WHAT THIS TASK INVOLVES :: Each line in the data must be reproduced as written, except for any picture.

EXERCISE DATA ::
>>>

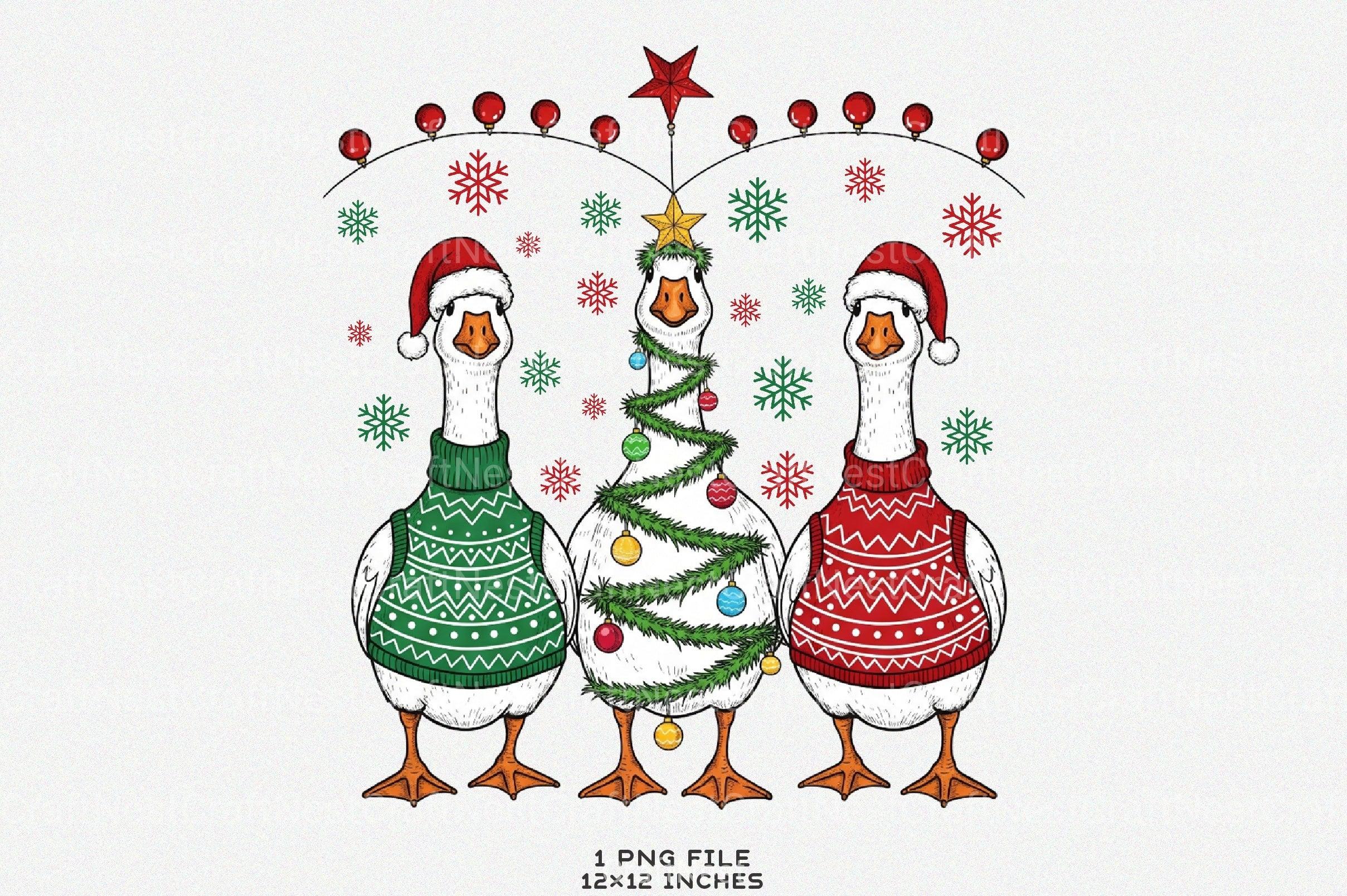 Goose Tree Funny Christmas Goose Santa Design - Silly Goose Tree Clipart Bundle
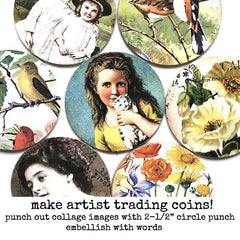 Artist Trading Coins Vintage Elements Collage Sheet 236
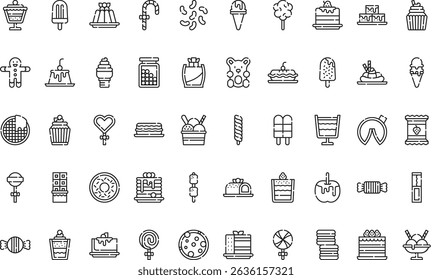 Desserts and candies icons icons Simple vector icon. Illustration symbol design template for web mobile UI element. 
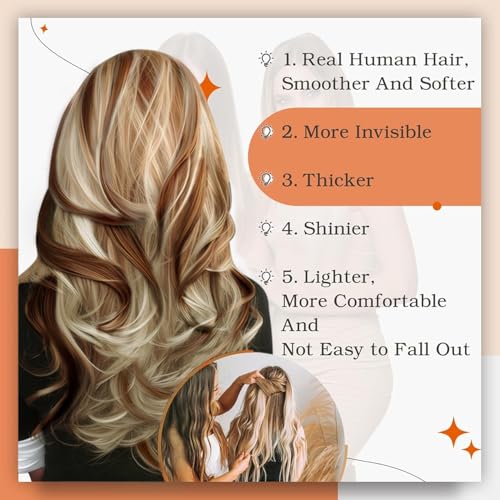 Image of Full Shine Tape in Extensions Color 330 Copper Brown Highlighted 800 Blonde 12Inch Short Double Sided Tape in Hair Extensions Human Hair 30Gram Remy Straight Skin Weft 20Pcs for Women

<<<

RESULT OF THIS TASK ::
 Goose Tree Funny Christmas Goose Santa Design - Silly Goose Tree Clipart Bundle
 Artist Trading Coins Vintage Elements Collage Sheet 236
 Desserts and candies icons icons Simple vector icon. Illustration symbol design template for web mobile UI element. 
 Image of Full Shine Tape in Extensions Color 330 Copper Brown Highlighted 800 Blonde 12Inch Short Double Sided Tape in Hair Extensions Human Hair 30Gram Remy Straight Skin Weft 20Pcs for Women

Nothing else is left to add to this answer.